▶ [GOAL OF THE EXERCISE]
Every line of the material must be restated exactly, though not its pictures.

▶ [SUPPLIED INFORMATION]
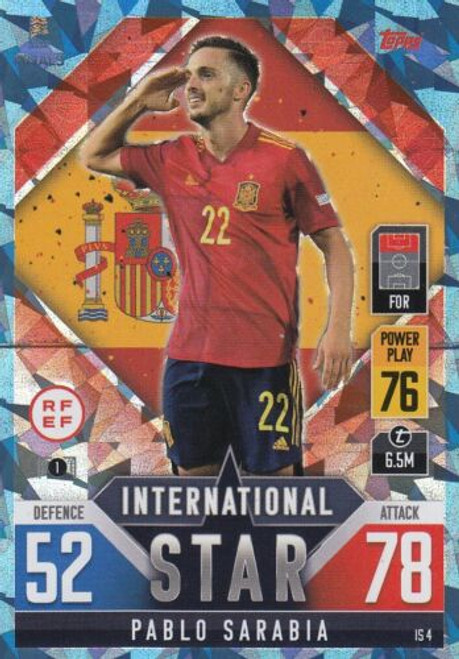 #IS4 Pablo Sarabia (Spain) Match Attax 101 2022 BLUE CRYSTAL PARALLEL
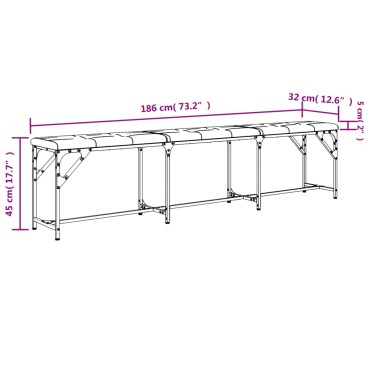 vidaXL Πάγκος Τραπεζαρίας Μαύρος 186x32x45cm Ατσάλι/Συνθετικό Δέρμα 1 τεμ.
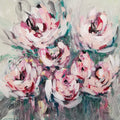 An abstract floral canvas painting featuring pink, white, and red blossoms with green and gray brushstrokes.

▶ [RESPONSE AREA]
 #IS4 Pablo Sarabia (Spain) Match Attax 101 2022 BLUE CRYSTAL PARALLEL
 vidaXL Πάγκος Τραπεζαρίας Μαύρος 186x32x45cm Ατσάλι/Συνθετικό Δέρμα 1 τεμ.
 An abstract floral canvas painting featuring pink, white, and red blossoms with green and gray brushstrokes.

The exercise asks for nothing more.